Quant aux autres, elles seront démontées et leurs composants recyclés. De même pour les munitions, dont les surplus représentent près de 10’000 palettes, soit pas loin de 7000 tonnes.

Si l’on y ajoute les 2600 tonnes de fil de fer barbelé (!) qui traînent encore dans les arsenaux, on voit que l’armée va recycler pas mal de métal dans les prochaines années.

Avec son obsession du «propre en ordre», la Suisse n’a-t-elle pas eu tendance à suréquiper son armée? «Je ne crois pas, réplique Roland Jungi. Il faut voir que dans les années 60, sa mission était la défense totale. L’armée était certes bien équipée, mais pas trop.»

«Et si nous nous trouvons aujourd’hui avec des stocks pareils, ajoute le responsable des liquidations, c’est aussi parce que la réduction du nombre des hommes a été plus rapide que celle du volume du matériel. Dans ce domaine, il est vrai que l’on aurait pu s’y prendre plus tôt.»

Des immeubles invendables

Plutôt bien dotée en matériel, l’armée est aussi un gros propriétaire immobilier. Sur l’ensemble du pays, elle possède pas loin de 255 km² de terrain, soit l’équivalent de la surface du canton de Zoug.

De toutes ces propriétés, 13’000 objets sont à vendre. Seul problème, 7% seulement seraient utilisables à d’autres fins que celles pour lesquelles ils ont été construits.

Les autres sont soit dans des zones qui rendent toute transformation impossible, soit tellement perdus en forêt ou en montagne que personne n’en voudrait.
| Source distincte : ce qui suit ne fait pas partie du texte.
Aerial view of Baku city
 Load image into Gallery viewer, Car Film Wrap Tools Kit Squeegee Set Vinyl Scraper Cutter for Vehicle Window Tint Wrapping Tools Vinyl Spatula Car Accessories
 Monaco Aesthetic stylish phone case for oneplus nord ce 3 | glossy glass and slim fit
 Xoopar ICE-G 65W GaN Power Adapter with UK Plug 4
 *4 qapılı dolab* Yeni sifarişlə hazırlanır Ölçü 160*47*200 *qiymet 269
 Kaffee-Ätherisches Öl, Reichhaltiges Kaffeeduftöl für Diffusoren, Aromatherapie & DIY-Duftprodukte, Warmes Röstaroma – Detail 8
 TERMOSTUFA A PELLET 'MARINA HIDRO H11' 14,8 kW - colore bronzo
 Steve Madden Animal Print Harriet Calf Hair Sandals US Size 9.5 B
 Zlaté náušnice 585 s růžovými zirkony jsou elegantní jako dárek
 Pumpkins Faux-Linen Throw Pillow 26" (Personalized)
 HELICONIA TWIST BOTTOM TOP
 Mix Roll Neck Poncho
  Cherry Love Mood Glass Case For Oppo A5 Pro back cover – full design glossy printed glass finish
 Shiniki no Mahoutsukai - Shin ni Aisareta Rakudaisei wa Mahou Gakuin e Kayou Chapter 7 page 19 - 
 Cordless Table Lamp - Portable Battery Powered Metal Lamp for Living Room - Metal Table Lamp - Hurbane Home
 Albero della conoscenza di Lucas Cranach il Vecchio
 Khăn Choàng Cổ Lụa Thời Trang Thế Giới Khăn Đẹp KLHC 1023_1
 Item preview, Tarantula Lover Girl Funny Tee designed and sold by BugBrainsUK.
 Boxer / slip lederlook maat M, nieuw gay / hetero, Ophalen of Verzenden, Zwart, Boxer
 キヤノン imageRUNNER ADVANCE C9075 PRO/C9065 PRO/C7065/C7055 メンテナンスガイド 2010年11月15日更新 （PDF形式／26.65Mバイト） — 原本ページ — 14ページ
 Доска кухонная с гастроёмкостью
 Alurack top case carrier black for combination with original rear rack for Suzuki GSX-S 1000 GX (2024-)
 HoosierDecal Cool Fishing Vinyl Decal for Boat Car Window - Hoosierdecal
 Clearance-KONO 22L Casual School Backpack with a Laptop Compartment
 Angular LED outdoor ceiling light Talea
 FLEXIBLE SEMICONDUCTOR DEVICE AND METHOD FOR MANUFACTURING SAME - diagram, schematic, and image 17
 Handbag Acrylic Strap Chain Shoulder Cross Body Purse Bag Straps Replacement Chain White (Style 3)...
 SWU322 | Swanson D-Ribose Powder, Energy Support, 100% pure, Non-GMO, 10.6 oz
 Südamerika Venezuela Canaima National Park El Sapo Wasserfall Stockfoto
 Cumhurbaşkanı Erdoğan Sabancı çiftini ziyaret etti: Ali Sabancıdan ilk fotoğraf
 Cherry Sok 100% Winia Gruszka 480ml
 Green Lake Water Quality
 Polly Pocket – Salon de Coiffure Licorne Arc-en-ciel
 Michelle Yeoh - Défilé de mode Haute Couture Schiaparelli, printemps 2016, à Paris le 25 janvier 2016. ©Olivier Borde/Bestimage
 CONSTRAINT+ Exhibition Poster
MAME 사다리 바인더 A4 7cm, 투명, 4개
Invendables par conséquent. «Dans ces cas-là, nous devrons nous résoudre à démolir», admet Roland Jungi.

300 à 400 millions à économiser

Cette vaste opération de liquidation doit s’étaler jusqu’en 2010. L’armée n’en attend aucun bénéfice, mais elle devrait au moins couvrir ses propres frais.

Actuellement, la logistique militaire coûte près d’un milliard de francs par année. L’objectif est de réduire cette facture de 30 à 40%. La logistique perdra également 600 emplois, sur les 2500 qu’Armée XXI et les mesures d’économies vont coûter globalement au secteur de la défense.

Et il n’est pas exclu que certaines tâches jusqu’ici réservées aux militaires soient confiées à des entreprises civiles, si celles-ci sont capables d’offrir la même prestation à moindre coût.

swissinfo, Marc-André Miserez

– D’ici à 2010, l’armée suisse doit liquider du matériel pour environ 10 milliards de francs (prix d’achat à neuf). Soit notamment:

– 200 Chars 68/88, 1200 blindés légers M 109 et M 113, 30 hélicoptères Alouette III et 45 avions de combat F-5 Tiger.

– 2600 tonnes de fil de fer barbelé, 20’600 tonnes de matériel de génie (principalement des outils), 320 tonnes de filets de camouflage et 230 tonnes de tentes.

– Du matériel sanitaire pour une valeur estimée à 50 millions de francs, comprenant 50’000 brancarts.

– 13’000 objets immobiliers, dont 7% seulement sont considérés comme vendables.